(YOUR OBJECTIVE)
Give the records again in full, exactly as they appear, but without the pictures.

(Stored items)
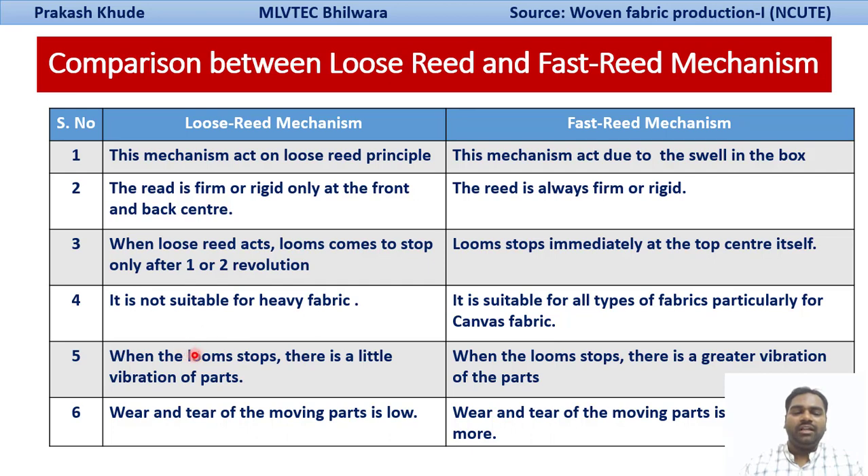In the loose-reed mechanism, when the loom stops there is little vibration of the parts. But in the fast-reed mechanism, the dagger hits the frog, causing much greater vibration and striking. This means there is greater wear and tear of the moving parts in the case of the fast-reed mechanism, while in the loose-reed mechanism the wear and tear of moving parts is very low.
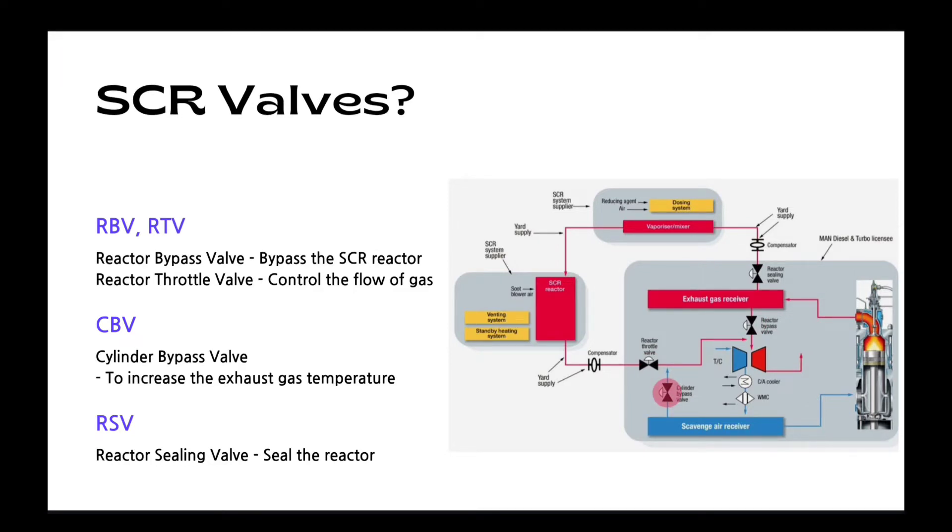Next, CBB. CBB is the cylinder bypass valve. It is used to increase the exhaust gas temperature at lower load, such as below 50% load. RSB, the reactor sealing valve, is used to seal the reactor when the SCL system is not in operation, for example during heat tracing or venting. And when the SCL system pressure is too high compared to the engine, this valve will be opened.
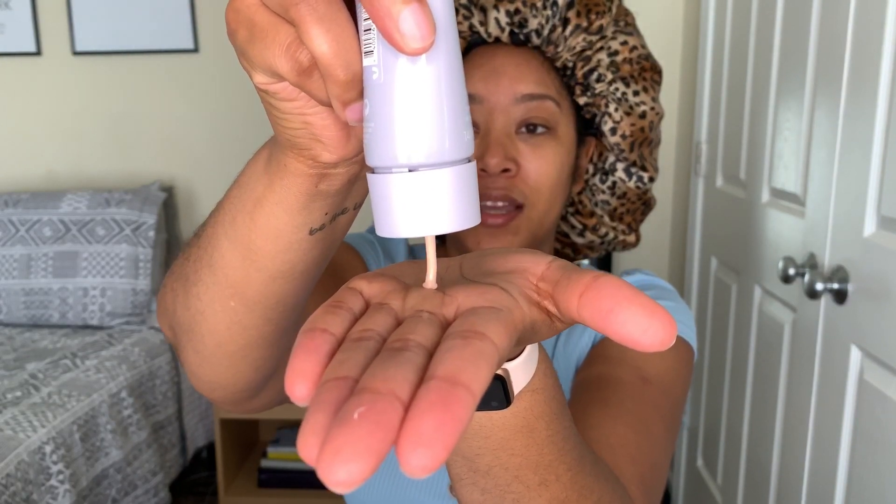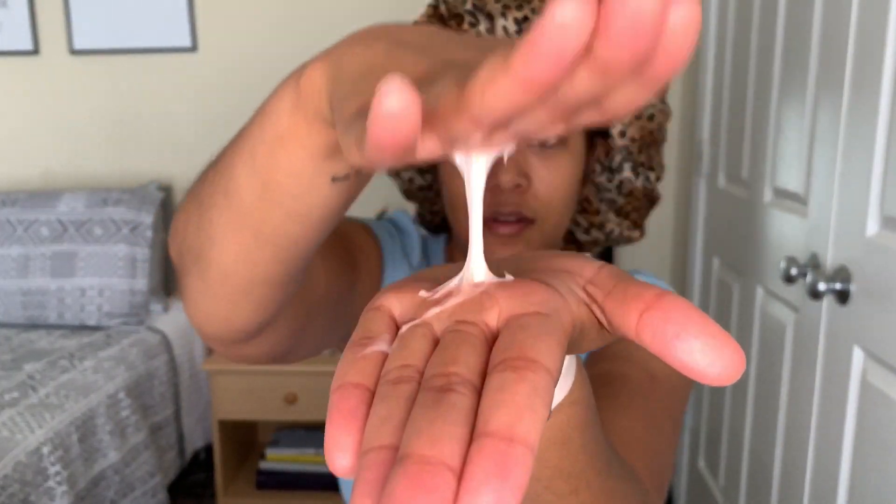I'm going to pour just a little bit on — okay, I think that should be enough. The scent is very, very light; I can barely smell it, but it does smell very good and fresh. It is kind of tacky. I don't really wear makeup, but it does say it removes makeup as well.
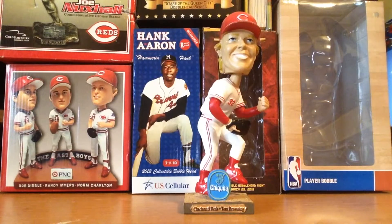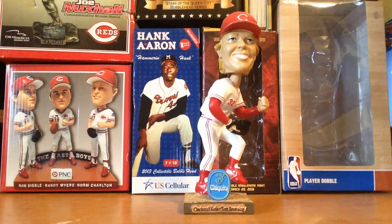This bobblehead is really cool, I really recommend it to have in your collection. If you find it cheap, obviously get it cheap, but if you like Tom Browning you can get this bobblehead for a pretty reasonable price. This is the end of the video — I'll see you in the next video with another bobblehead. Peace.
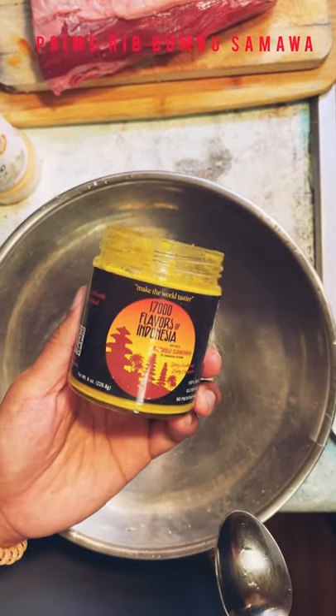Welcome back to 17,000 Flavors of Indonesia. So we are going to make perkedel — okay, but it's gonna be my way, because it's 17,000 Flavors of Indonesia. So Bumbu Samoa here.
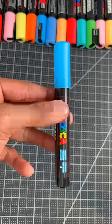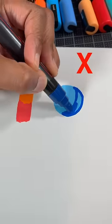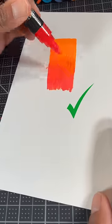Never blend your Posca markers this way. Number one: never blend your Posca markers when the paint is dry. The paint in the markers is opaque and the colors will just overlap. The correct way to blend your Posca markers is to do it while the paint is wet.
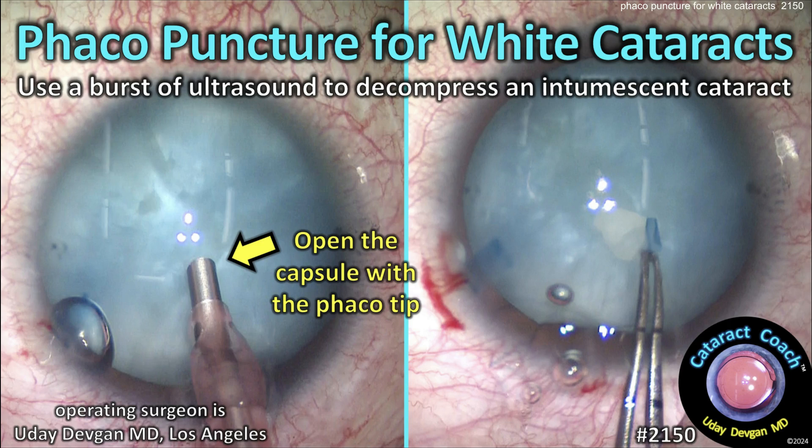CataractCoach.com — phacopuncture for white cataracts, using a burst of ultrasound to decompress an intumescent white cataract.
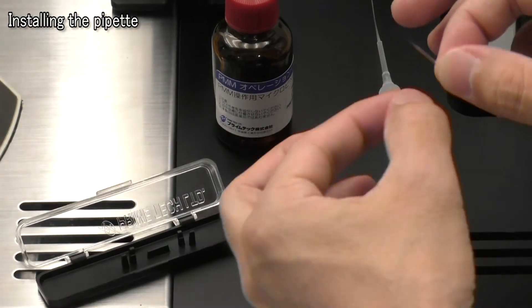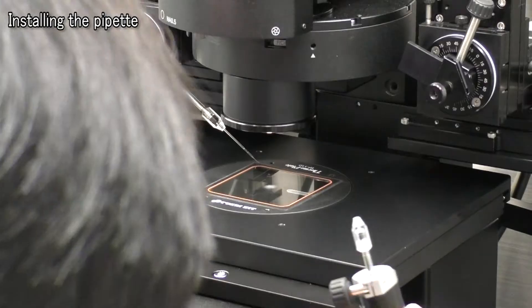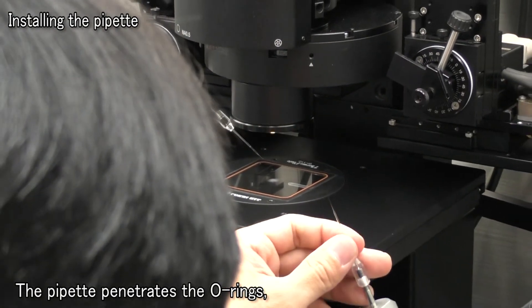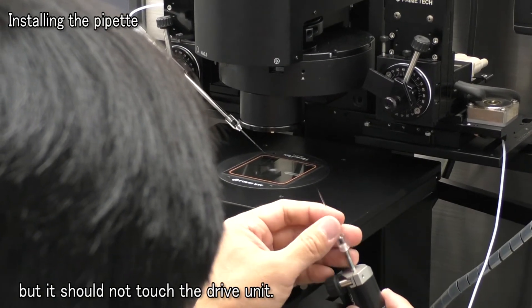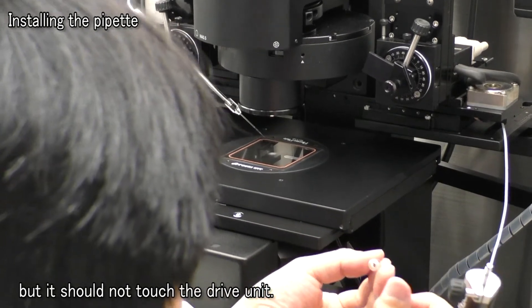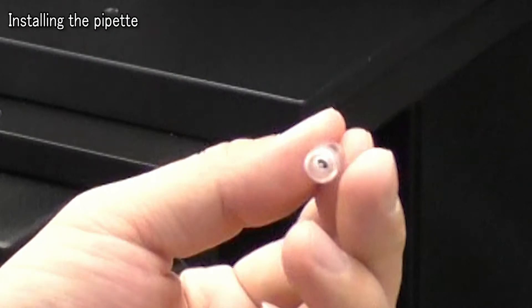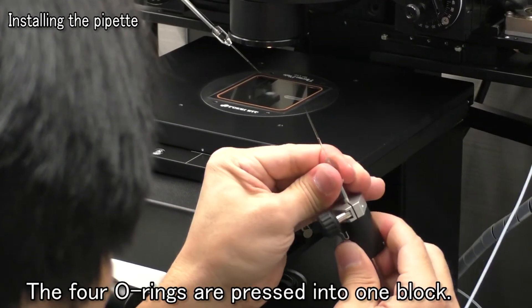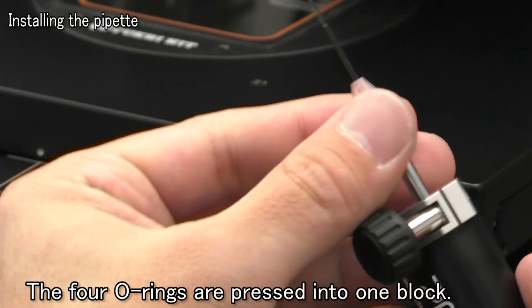Install the pipette in the injection holder. Insert the pipette into the black O-rings until about 5 mm is protruding. The effectiveness of the PMM will decrease if the pipette is not sufficiently protruding or is protruding too much. Strongly tighten the holder grip until the four O-rings are pressed together to look like one solid block. Firm fixing will stabilize the effectiveness of the PMM.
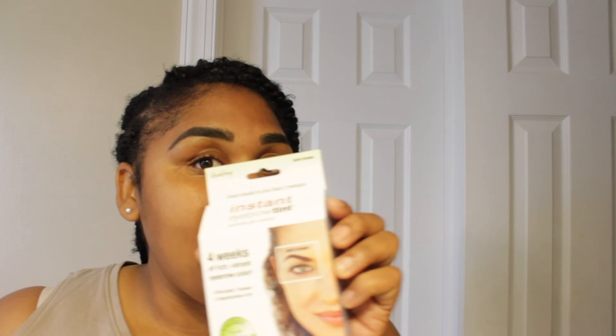I absolutely love them and this kit worked really well. This is how my eyebrows naturally used to look before they started thinning out — the older you get, it's just what happens. I am very, very pleased with this eyebrow tinting kit. Thank you so much for joining me. I look forward to you coming back to my channel for more. Check out some of my other videos — they're coming up right here.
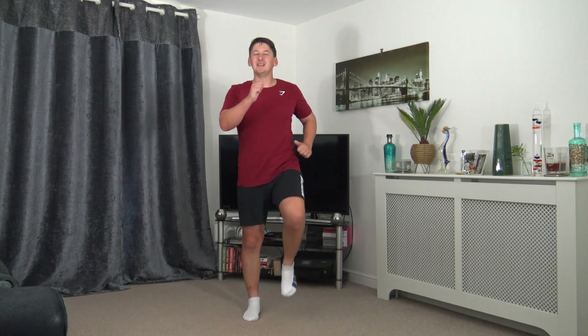Lovely job — keeping that back nice and straight, treading back nice and softly with the foot. Arms come parallel to the ground — excellent work, well done. 15 seconds to go and we'll come back to that final march. 10 on the clock — well done. Four, three, two, one — back to the last 30 second march!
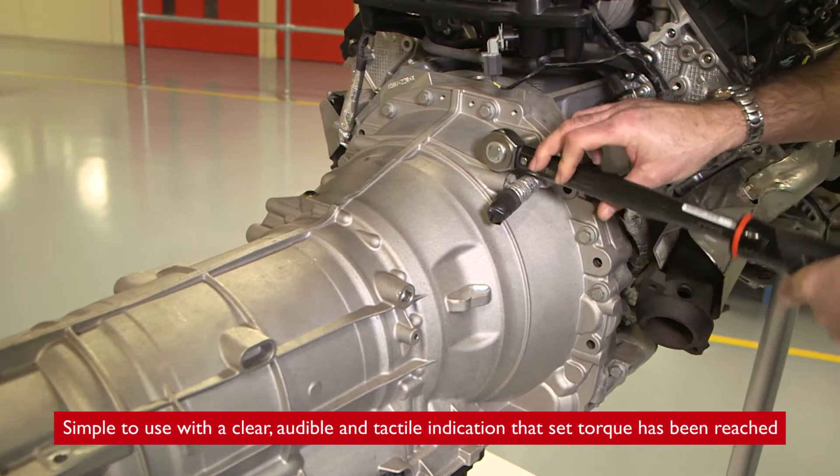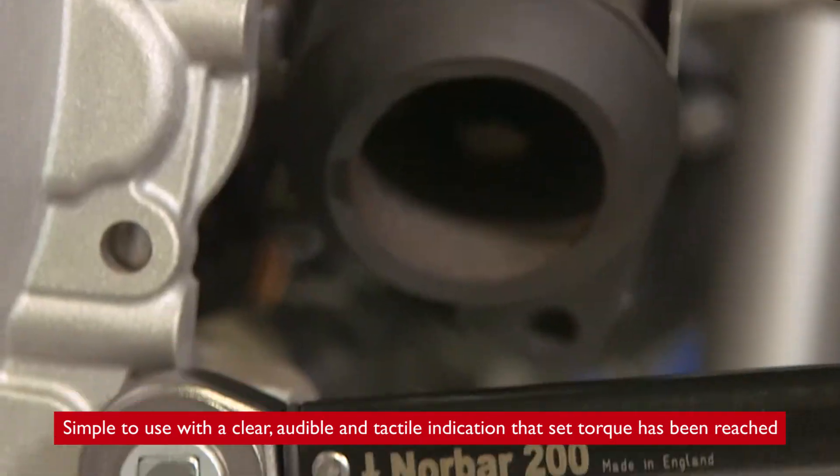Simple to use with a clear, audible and tactile indication that set torque has been reached.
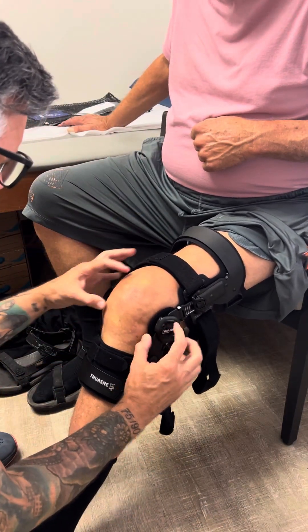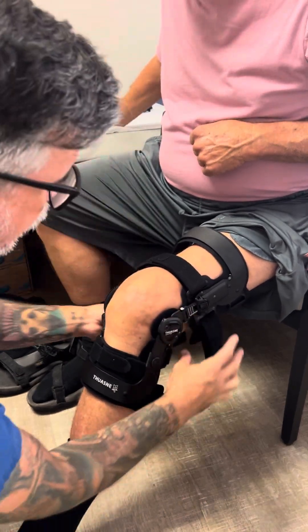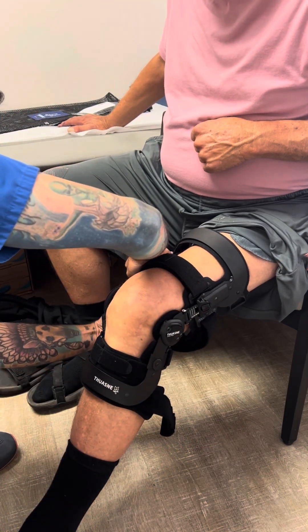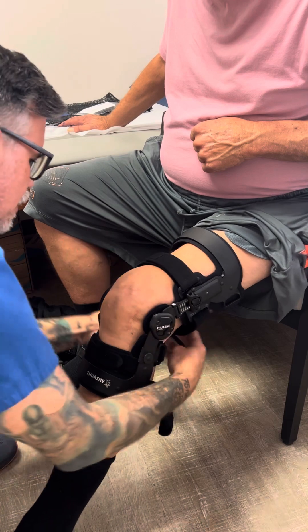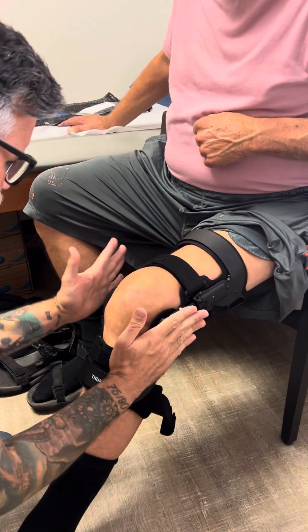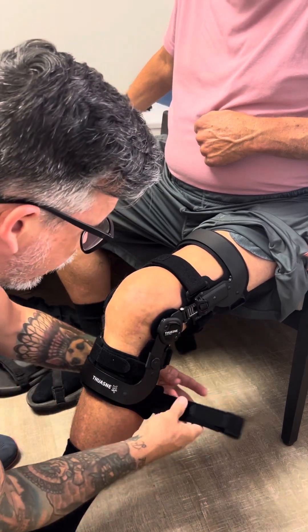Then make sure your alignment is still good — you can see the hinge of the knee is lined up with the hinge of the brace. Then do the strap right above the knee. The reason we like to do that is it gets the entire brace aligned with the knee joint perfectly. Pull it real tight, make sure everything is lined up and looking good, then you can do the thigh or the calf — it does not matter.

(TASK SOLUTION)
In the loose-reed mechanism, when the loom stops there is little vibration of the parts. But in the fast-reed mechanism, the dagger hits the frog, causing much greater vibration and striking. This means there is greater wear and tear of the moving parts in the case of the fast-reed mechanism, while in the loose-reed mechanism the wear and tear of moving parts is very low.
Next, CBB. CBB is the cylinder bypass valve. It is used to increase the exhaust gas temperature at lower load, such as below 50% load. RSB, the reactor sealing valve, is used to seal the reactor when the SCL system is not in operation, for example during heat tracing or venting. And when the SCL system pressure is too high compared to the engine, this valve will be opened.
I'm going to pour just a little bit on — okay, I think that should be enough. The scent is very, very light; I can barely smell it, but it does smell very good and fresh. It is kind of tacky. I don't really wear makeup, but it does say it removes makeup as well.
This bobblehead is really cool, I really recommend it to have in your collection. If you find it cheap, obviously get it cheap, but if you like Tom Browning you can get this bobblehead for a pretty reasonable price. This is the end of the video — I'll see you in the next video with another bobblehead. Peace.
Welcome back to 17,000 Flavors of Indonesia. So we are going to make perkedel — okay, but it's gonna be my way, because it's 17,000 Flavors of Indonesia. So Bumbu Samoa here.
Never blend your Posca markers this way. Number one: never blend your Posca markers when the paint is dry. The paint in the markers is opaque and the colors will just overlap. The correct way to blend your Posca markers is to do it while the paint is wet.
CataractCoach.com — phacopuncture for white cataracts, using a burst of ultrasound to decompress an intumescent white cataract.
Install the pipette in the injection holder. Insert the pipette into the black O-rings until about 5 mm is protruding. The effectiveness of the PMM will decrease if the pipette is not sufficiently protruding or is protruding too much. Strongly tighten the holder grip until the four O-rings are pressed together to look like one solid block. Firm fixing will stabilize the effectiveness of the PMM.
I absolutely love them and this kit worked really well. This is how my eyebrows naturally used to look before they started thinning out — the older you get, it's just what happens. I am very, very pleased with this eyebrow tinting kit. Thank you so much for joining me. I look forward to you coming back to my channel for more. Check out some of my other videos — they're coming up right here.
Lovely job — keeping that back nice and straight, treading back nice and softly with the foot. Arms come parallel to the ground — excellent work, well done. 15 seconds to go and we'll come back to that final march. 10 on the clock — well done. Four, three, two, one — back to the last 30 second march!
Simple to use with a clear, audible and tactile indication that set torque has been reached.
Then make sure your alignment is still good — you can see the hinge of the knee is lined up with the hinge of the brace. Then do the strap right above the knee. The reason we like to do that is it gets the entire brace aligned with the knee joint perfectly. Pull it real tight, make sure everything is lined up and looking good, then you can do the thigh or the calf — it does not matter.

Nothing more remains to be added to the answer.